# INTERPOLCOM Presents....Asian Martial arts Showdown



## LAKANPOPOT (Jan 31, 2004)

Hi guys! I hope we can invite you all to come to the
ASIAN MARTIAL ARTS SHOWDOWN in Sacramento CA on Feb. 7 
It will be from 845am to 5PM.

INTERPOLCOM IS THE INTERNATIONAL POLICE COMMISTION.

In participation to do demonstrations are the following groups:
Moore's Karate
Dragon Fire Martial arts
Reave's Academy of Martial arts
Doce Pares Int'L
POLTECH combat group
Robinson's Taekwondo
Filipino martial arts of Dexter Labanong
Elk Grove martial arts 
Liner's Karate

YOu can get the tickets from me call me at 707-644-3873 or at the door.
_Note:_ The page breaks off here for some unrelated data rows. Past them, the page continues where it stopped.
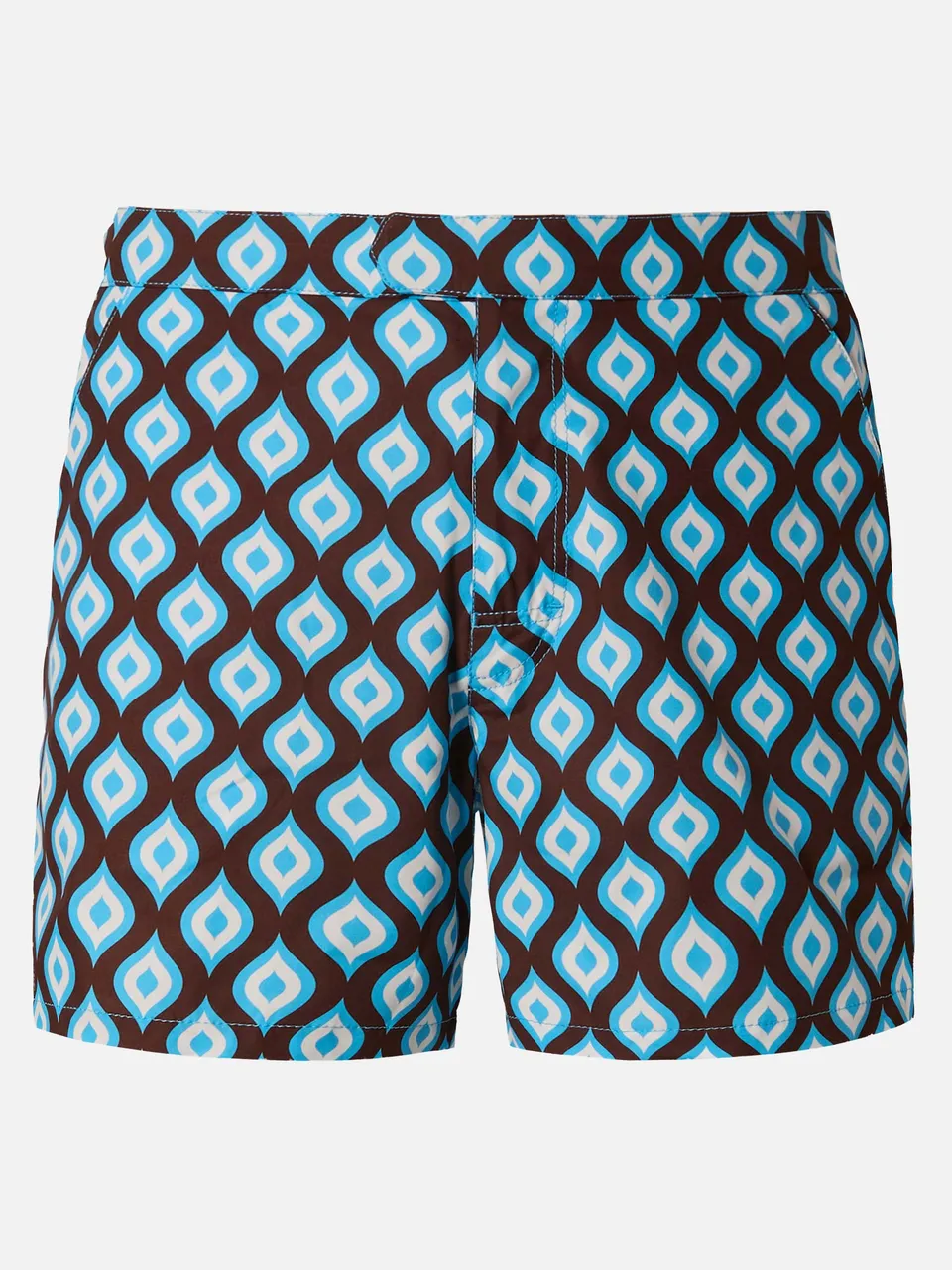 mc2-saint-barth-costume-uomo-master-marrone-stampa-geometrica-slim image 1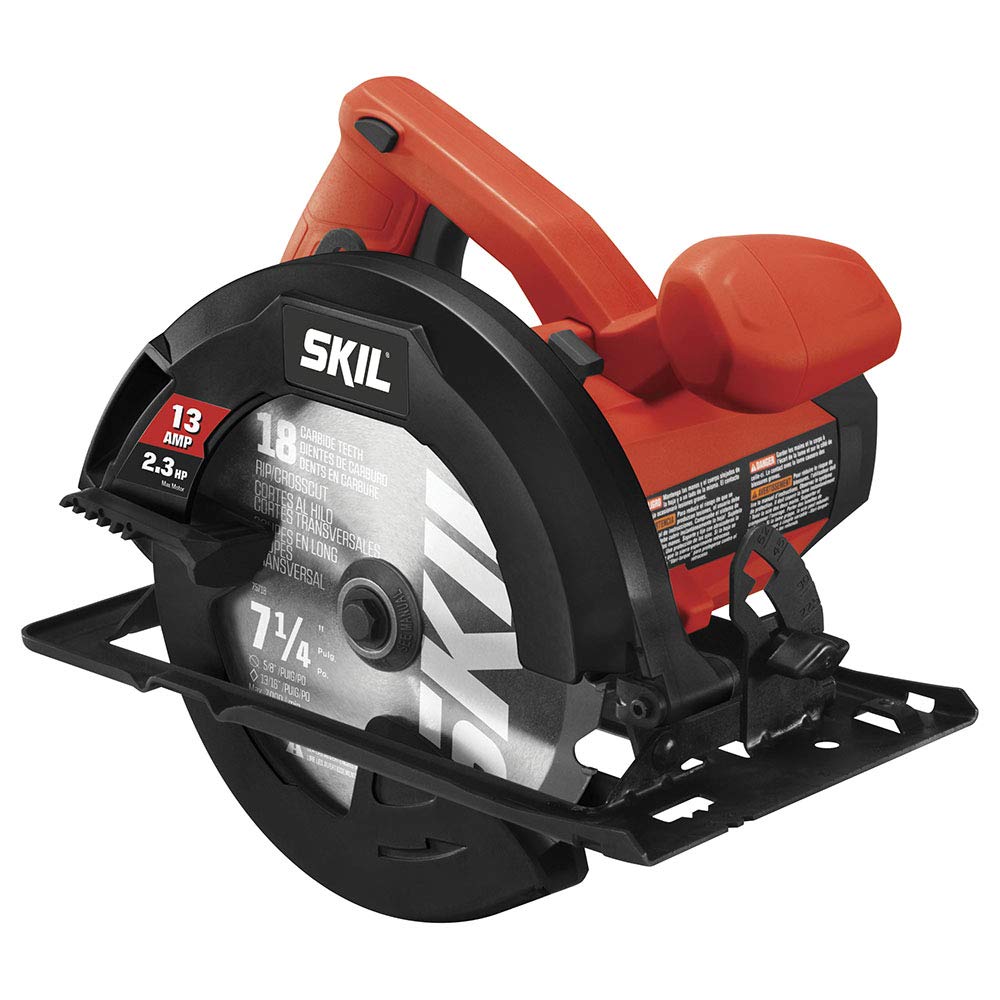 Skil 5080-01 13-Amp 7-1/4 in Circular Saw for Precision Cuts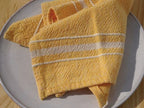 Barrydale Hand Weavers Contemporary Serviette Variegated Stripes "Yellow"
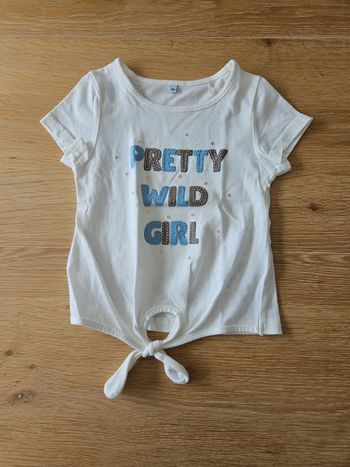Tee-shirt noué 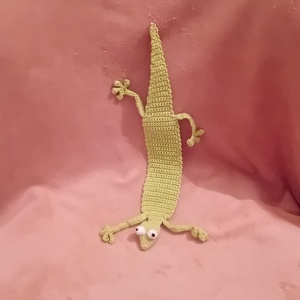 Gekko könyvjelző - Meska.hu
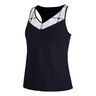 Hilke Canottiera Donna-Blu Scuro
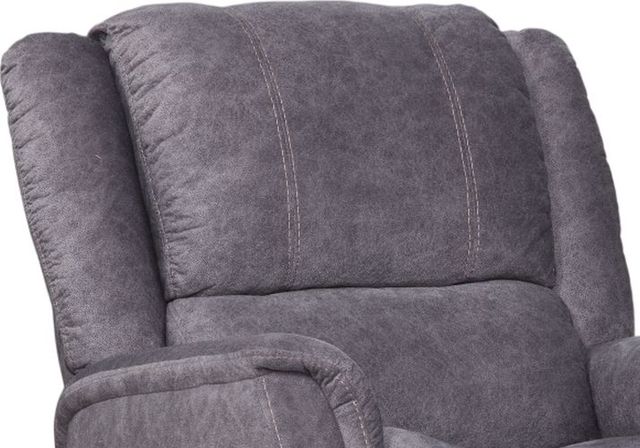 HomeStretch Viper Gunmetal Manual Rocker Recliner-1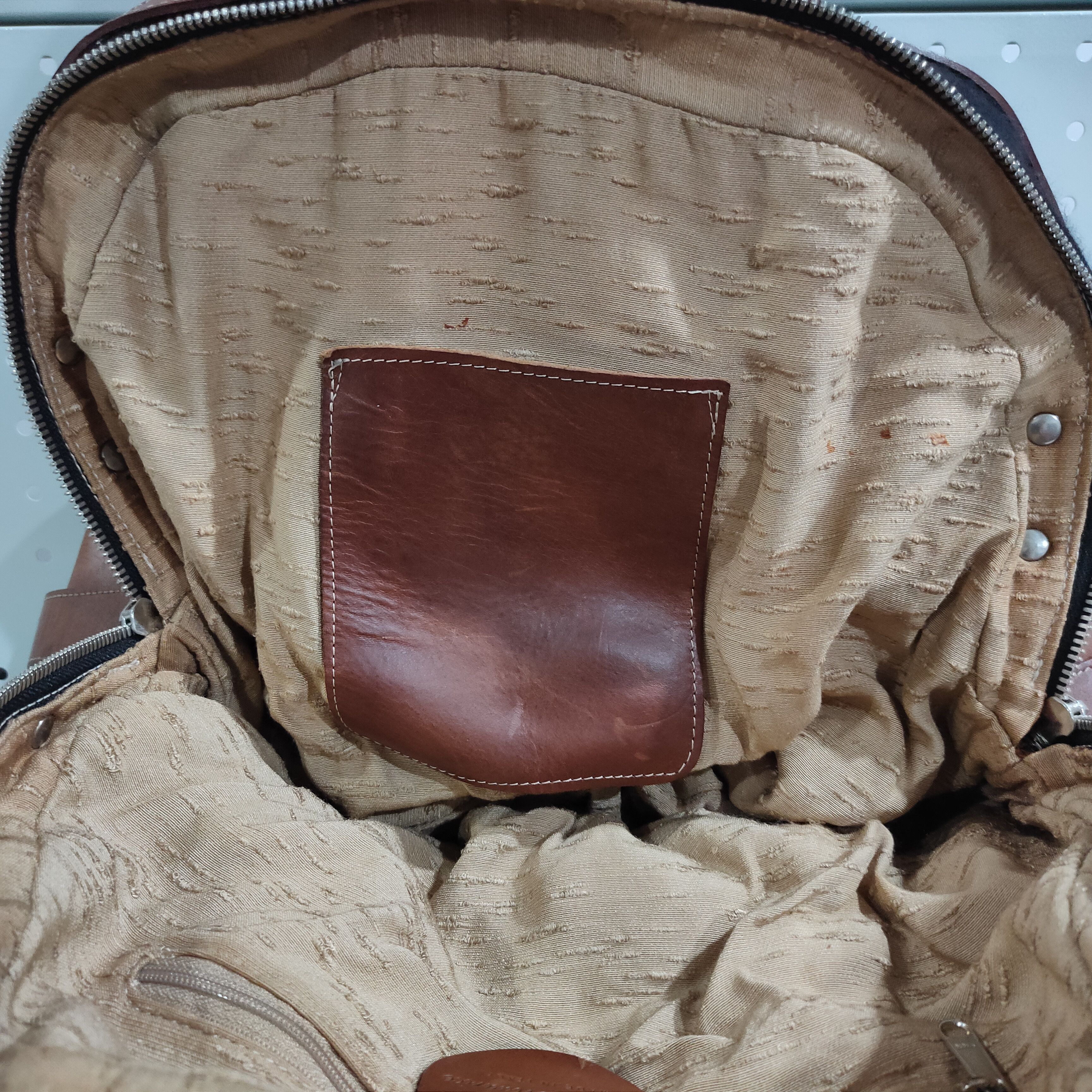 Other 🔥André Maurice Made in Italy Leather Doctor Bowling Bag Size ONE SIZE - 6 Thumbnail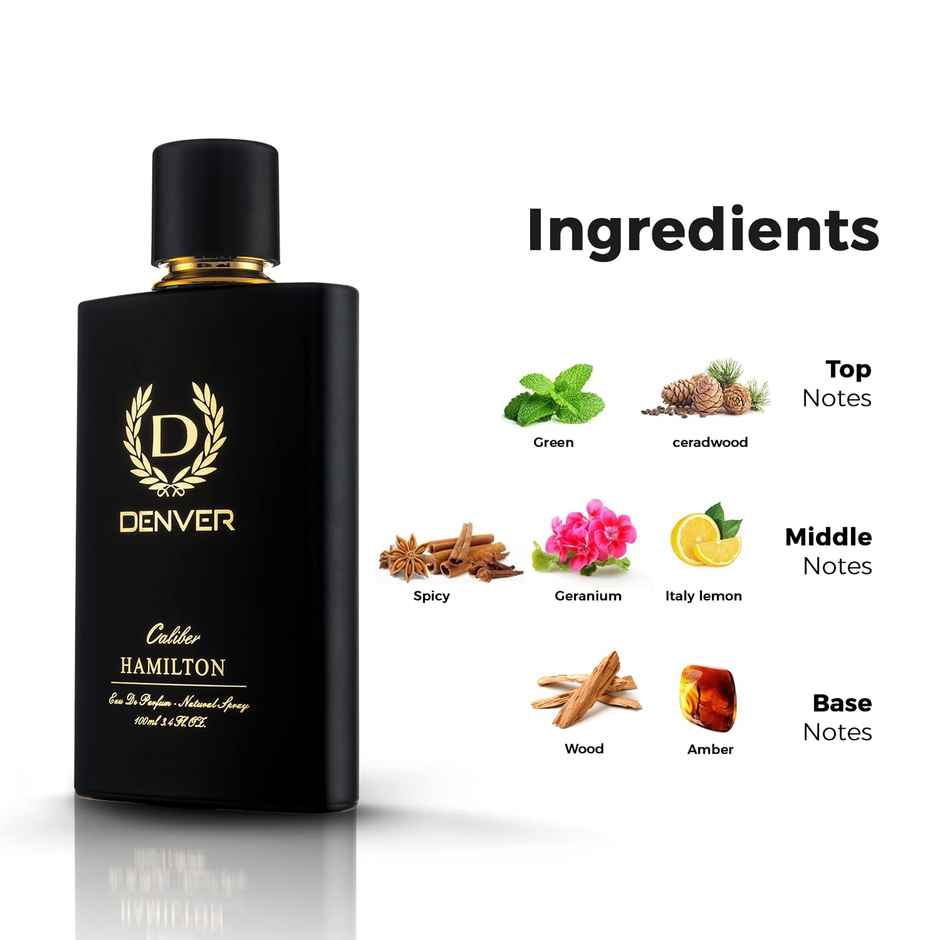 Denver Caliber Perfume | Premium & Long Lasting | Eau de Parfum For Men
Cost $10.00

the event will be at the Sierra Arden United church of Christ
Pilgrim Hall
890 Cor Northrop/Morse Ave. 
Sacrameto CA 95864

Let's help them out. 

Thanks


----------



## bart (Feb 2, 2004)

Kuntawman...did you hear about this? Seems like I'm out of the loop. $10 seems cool. Is there a schedule of when the FMA groups are going to demo?


----------



## LAKANPOPOT (Feb 3, 2004)

Here you go Bart,
845am Parade of colors
9am intro by Lt. Gen Joe Nuega
920 Robinson's taekwondo
940 LA Karate Assoc
10am Filipino martial arts
1020 Dragon MA
1040 POLTECH combat group
11 Cultural dance
12 lunch
1pm Moore's karate
120 Elk grove's ma
140 dragon Fire MA II
2pm Reave's Academ of MA
220pm Doce Pares INTL
240 Law enforcement presentation
3pm Finale
4 closing


----------



## bart (Feb 4, 2004)

I hope to see you there.


----------



## thekuntawman (Feb 4, 2004)

hi bart,
sorry i didnt respond right away.

i did hear about the demo, but then they didnt have a date. i didnt find until now. i will be there and i will bring some of my students. see you saturday


----------